ASSIGNMENT: If a record below holds a picture, drop the picture and restate everything else word for word.
:::::
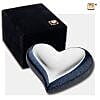 Mini Urn Hart Indigo Met Zilver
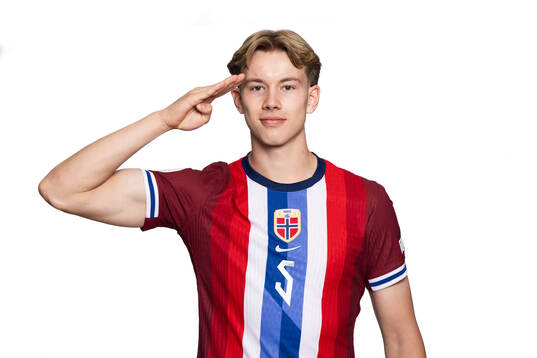 Jonathan Vonheim Norbye of the Norwegian under-19 national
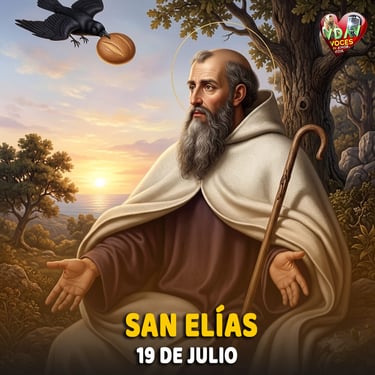 Santo de hoy 19 de julio. San Elías, Profeta (+ 850 a.C.)
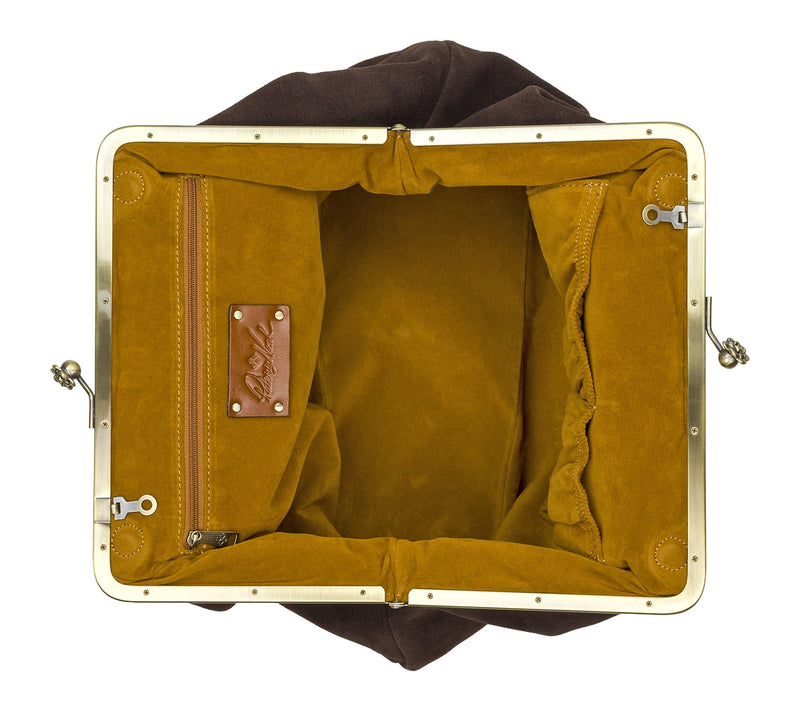 Patricia Nash Vivienne Medium Frame Crossbody -Suede Leather — View 3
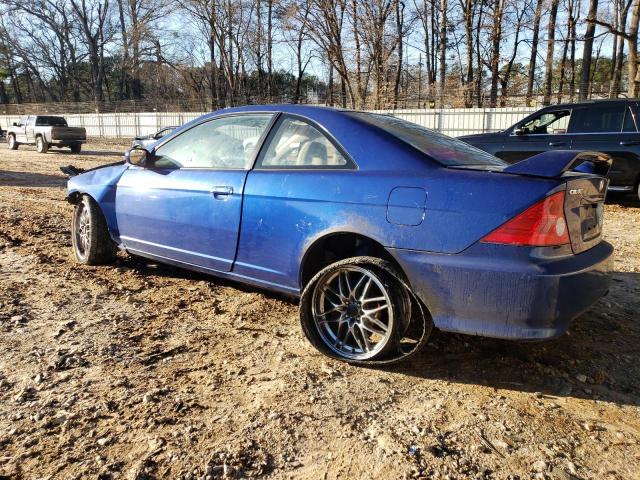 1HGEM22994L039466 - 2004 HONDA CIVIC EX BLUE photo 2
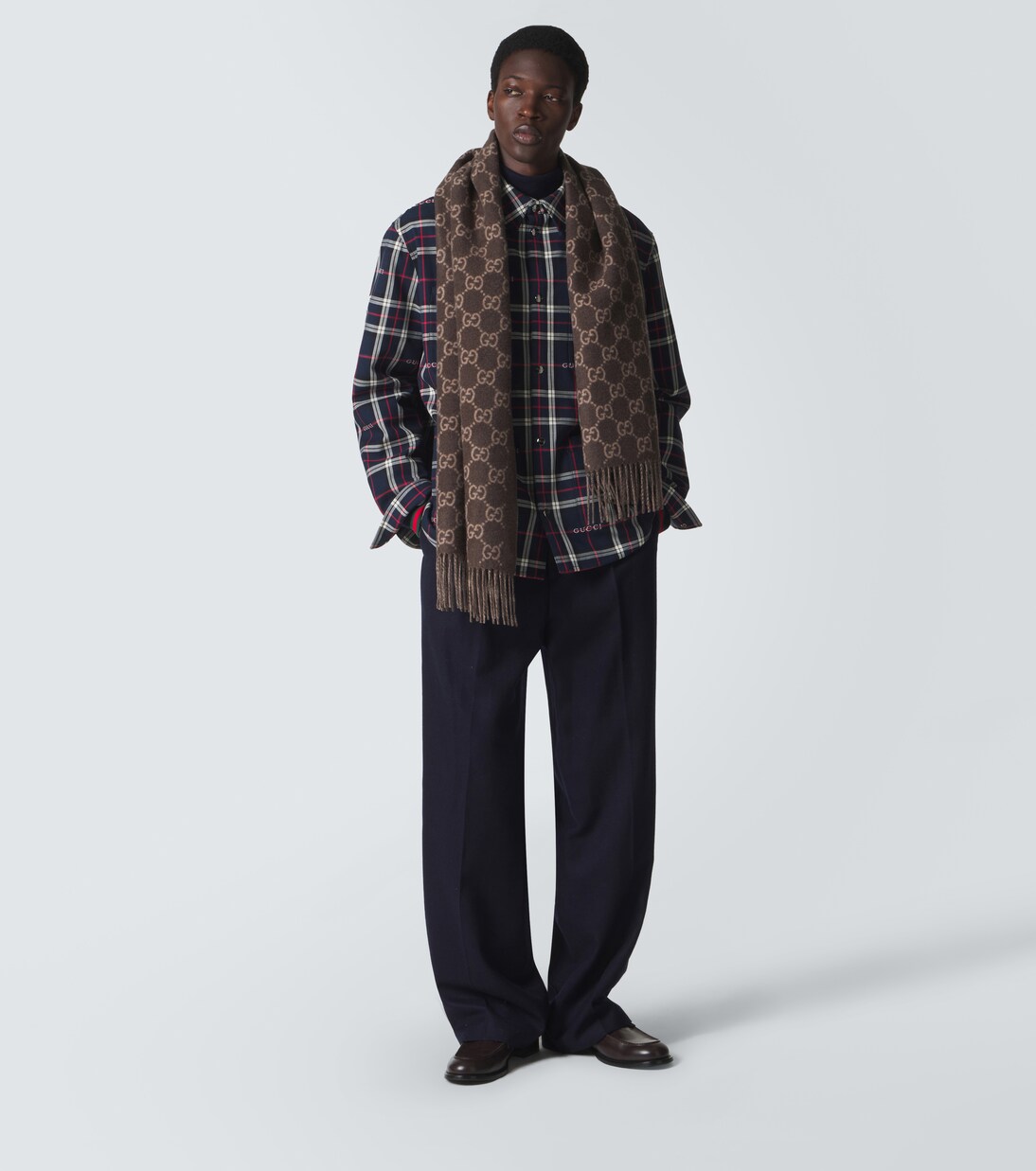 GG fringed cashmere scarf | Gucci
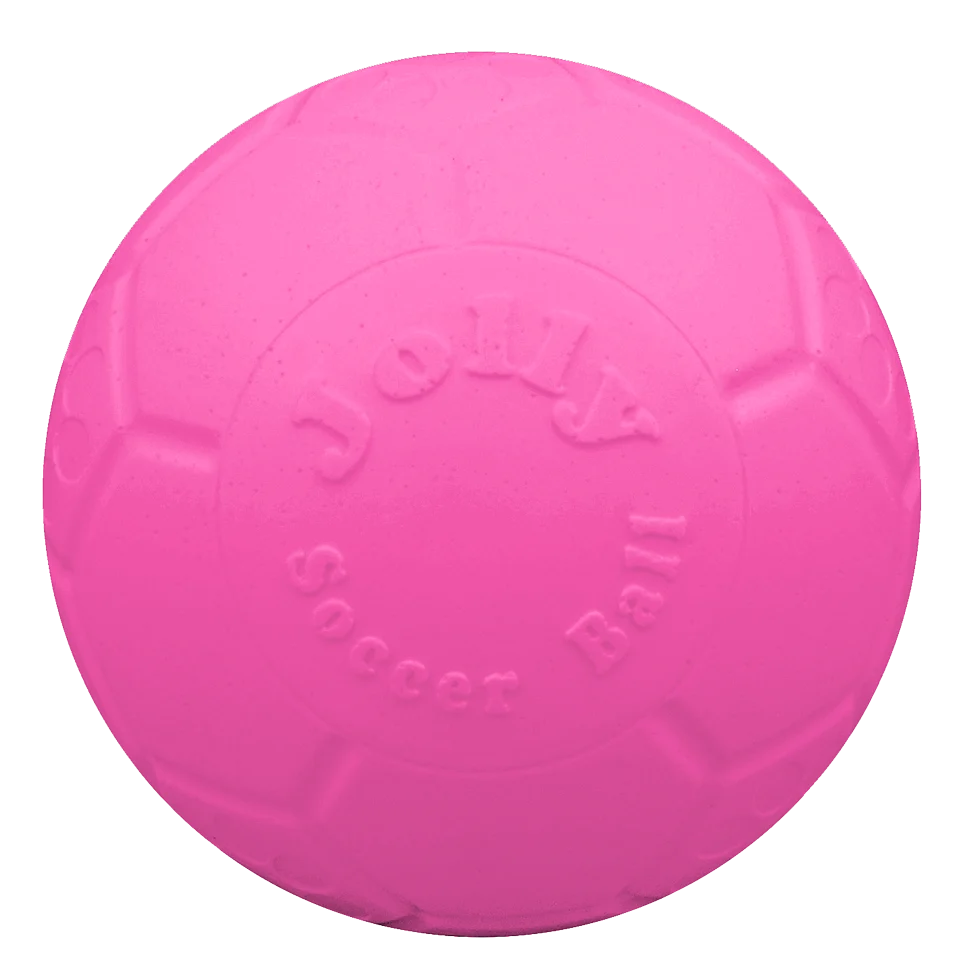 Minge de fotbal plutitoare pentru câini, roz, S, 15 cm – Jolly Pets Soccer Ball - imagine 2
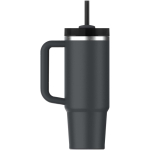 Stanley 890 ml insulated tumbler with rotating lid and reusable straw black colour second rear view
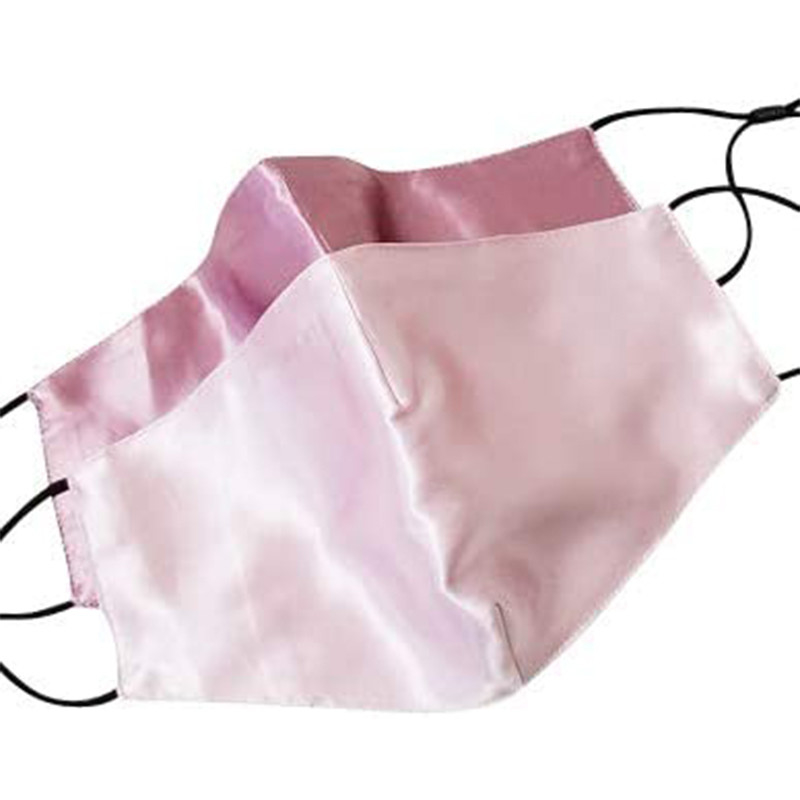 100% Mulberrry Lightweight Silk Fabric 3ply Face Mouth Cover Face Cover Silk Facemask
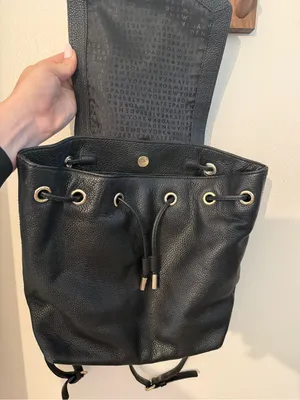 kate spade Mulberry Street Breezy Black Pebbled Leather Backpack with Flap thumbnail 4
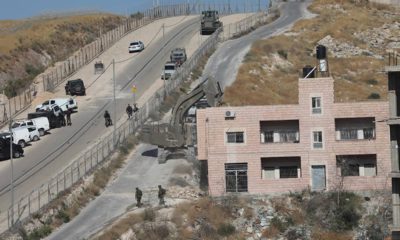 Photo of a Palestinian village in east Jerusalem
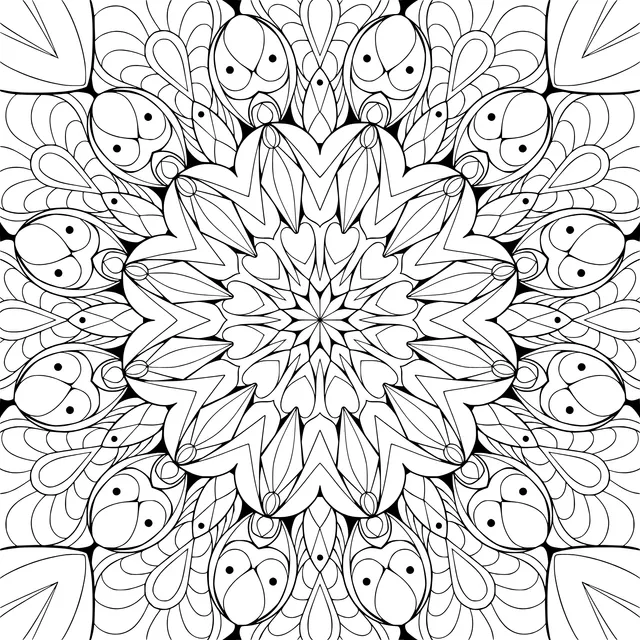 Colorful Mandala Pattern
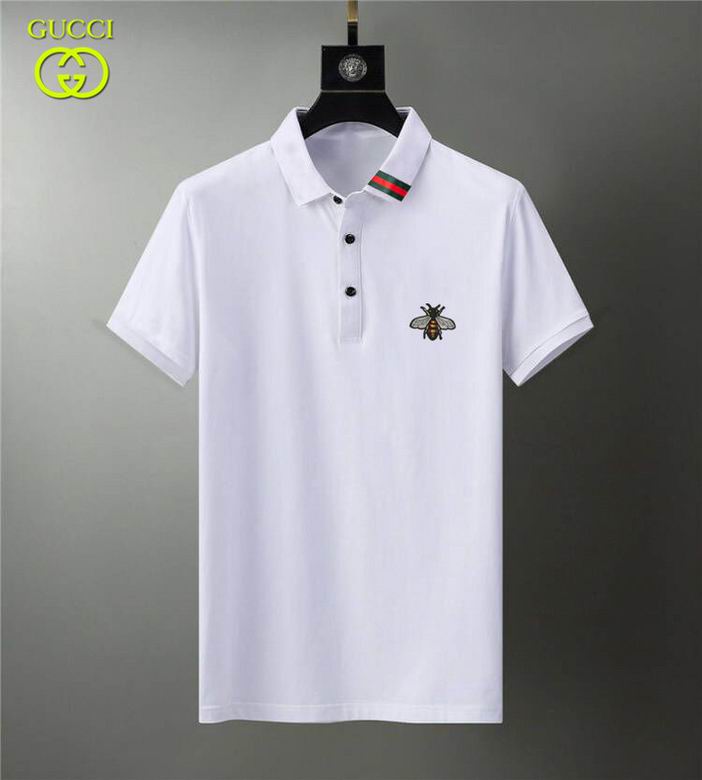 Wholesale Cheap G ucci Polo Short Sleeve Lapel T Shirts for Sale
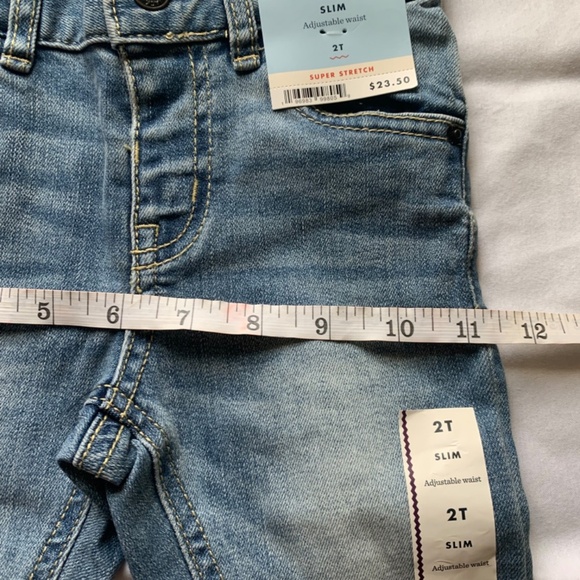 CAT AND JACK. SLIM CENIDO. SUPER STRETCH. SIZE 2T. MADE IN VIETNAM. - Picture 5 of 7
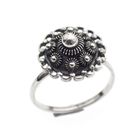 Image 1 of Silver ring with Zeeland button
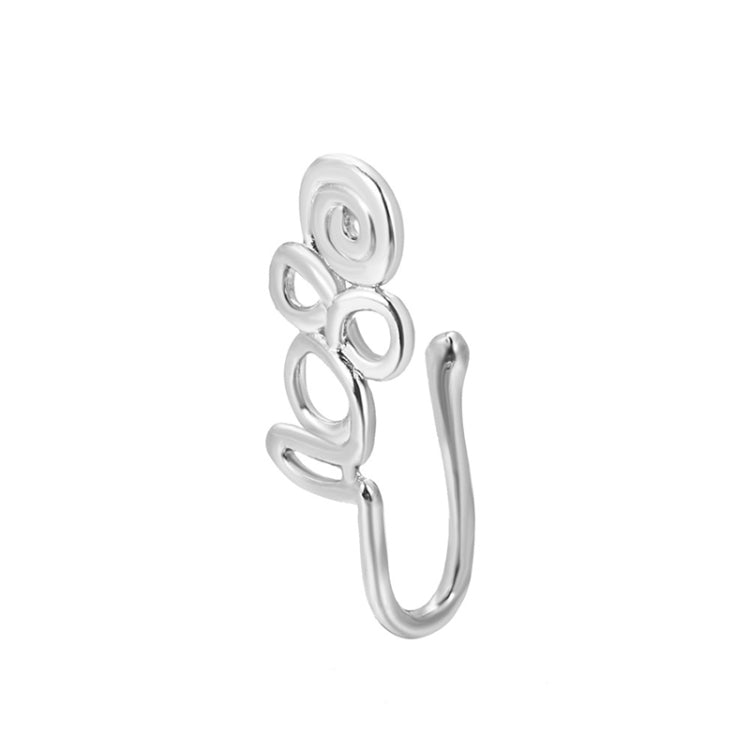 10 PCS U-shaped Nose Clip Copper Inlaid With Zircon Nose Decoration, Color: G-374 Silver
:::::
RESPONSE AREA:
 Mini Urn Hart Indigo Met Zilver
 Jonathan Vonheim Norbye of the Norwegian under-19 national
 Santo de hoy 19 de julio. San Elías, Profeta (+ 850 a.C.)
 Patricia Nash Vivienne Medium Frame Crossbody -Suede Leather — View 3
 1HGEM22994L039466 - 2004 HONDA CIVIC EX BLUE photo 2
 GG fringed cashmere scarf | Gucci
 Minge de fotbal plutitoare pentru câini, roz, S, 15 cm – Jolly Pets Soccer Ball - imagine 2
 Stanley 890 ml insulated tumbler with rotating lid and reusable straw black colour second rear view
 100% Mulberrry Lightweight Silk Fabric 3ply Face Mouth Cover Face Cover Silk Facemask
 kate spade Mulberry Street Breezy Black Pebbled Leather Backpack with Flap thumbnail 4
 Photo of a Palestinian village in east Jerusalem
 Colorful Mandala Pattern
 Wholesale Cheap G ucci Polo Short Sleeve Lapel T Shirts for Sale
 CAT AND JACK. SLIM CENIDO. SUPER STRETCH. SIZE 2T. MADE IN VIETNAM. - Picture 5 of 7
 Image 1 of Silver ring with Zeeland button
 10 PCS U-shaped Nose Clip Copper Inlaid With Zircon Nose Decoration, Color: G-374 Silver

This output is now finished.